Hermann Kesten: Letter to Annette Kolb (18 May 1940)
Hermann Kesten: Letter to Annette Kolb (18 May 1940)
Je suis désespéré.
Hermann Kesten to Annette Kolb, 18 May 1940
In mid-April 1940, Hermann Kesten planned to travel to the United States on a U.S. visitor's visa for a lecture tour without his wife Toni. On April 9, the day of the German Wehrmacht's invasion of Denmark and Norway, he had received his French exit visa, but the departure of the ship was postponed. Kesten's anxiety and nervousness reached its peak with the German invasion of the Netherlands and Belgium in May. Nevertheless, he and Toni decided that she should stay behind and that he would attempt to organise her departure from the safety of the United States.
The "Champlain" left the port of St. Nazaire for New York on 18 May literally at the last minute. According to Kesten's own account, the departure remained uncertain due to the war and German air raids. The writer Gustav Regler was also on board.

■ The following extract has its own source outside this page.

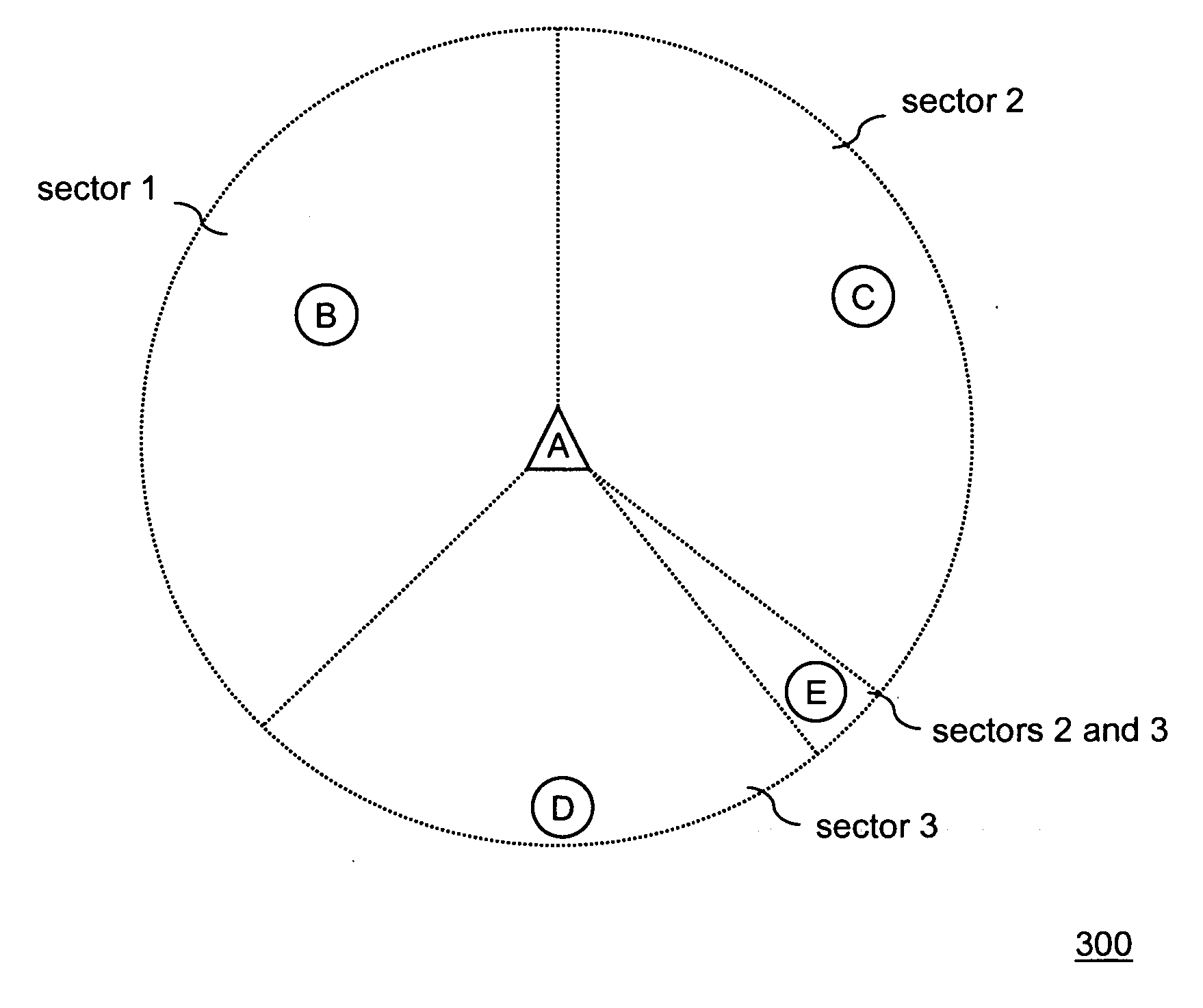 Scheme for operating a wireless station having directional antennas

Kesten sent his last letter before the ship sailed to the writer Annette Kolb. In French, he implored her to take care of and support the family which he left behind. In the letter he enclosed letters of recommendation from four French friends and colleagues who, following his internment as an enemy alien in French camps, had supported him in September 1939, and thus expedited his release. He hoped that these could be help his relatives in their current dangerous situation.